#### PROVIDED RECORDS ####

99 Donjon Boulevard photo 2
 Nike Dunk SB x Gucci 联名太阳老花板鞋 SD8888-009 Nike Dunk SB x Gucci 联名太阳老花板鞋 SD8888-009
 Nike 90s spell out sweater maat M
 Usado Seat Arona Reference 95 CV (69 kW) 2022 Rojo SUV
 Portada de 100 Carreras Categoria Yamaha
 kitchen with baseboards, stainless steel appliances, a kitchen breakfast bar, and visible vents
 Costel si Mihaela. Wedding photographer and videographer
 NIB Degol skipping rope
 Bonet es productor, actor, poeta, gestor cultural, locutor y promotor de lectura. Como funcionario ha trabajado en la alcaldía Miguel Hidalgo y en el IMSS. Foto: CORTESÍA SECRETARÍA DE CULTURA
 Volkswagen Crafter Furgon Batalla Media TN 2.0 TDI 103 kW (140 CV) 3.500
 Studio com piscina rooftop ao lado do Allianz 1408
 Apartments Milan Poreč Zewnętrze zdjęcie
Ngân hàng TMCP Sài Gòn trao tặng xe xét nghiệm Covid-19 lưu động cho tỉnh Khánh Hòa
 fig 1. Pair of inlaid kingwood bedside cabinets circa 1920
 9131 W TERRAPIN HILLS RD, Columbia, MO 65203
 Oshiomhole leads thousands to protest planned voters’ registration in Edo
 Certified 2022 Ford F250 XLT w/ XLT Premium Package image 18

####

EXERCISE DESCRIPTION — Reproduce exactly the lines from the one with "Nike 90s spell out sweater maat M" through the end of the entries above, both ends included.

SOLUTION FOR THIS EXERCISE —
 Nike 90s spell out sweater maat M
 Usado Seat Arona Reference 95 CV (69 kW) 2022 Rojo SUV
 Portada de 100 Carreras Categoria Yamaha
 kitchen with baseboards, stainless steel appliances, a kitchen breakfast bar, and visible vents
 Costel si Mihaela. Wedding photographer and videographer
 NIB Degol skipping rope
 Bonet es productor, actor, poeta, gestor cultural, locutor y promotor de lectura. Como funcionario ha trabajado en la alcaldía Miguel Hidalgo y en el IMSS. Foto: CORTESÍA SECRETARÍA DE CULTURA
 Volkswagen Crafter Furgon Batalla Media TN 2.0 TDI 103 kW (140 CV) 3.500
 Studio com piscina rooftop ao lado do Allianz 1408
 Apartments Milan Poreč Zewnętrze zdjęcie
Ngân hàng TMCP Sài Gòn trao tặng xe xét nghiệm Covid-19 lưu động cho tỉnh Khánh Hòa
 fig 1. Pair of inlaid kingwood bedside cabinets circa 1920
 9131 W TERRAPIN HILLS RD, Columbia, MO 65203
 Oshiomhole leads thousands to protest planned voters’ registration in Edo
 Certified 2022 Ford F250 XLT w/ XLT Premium Package image 18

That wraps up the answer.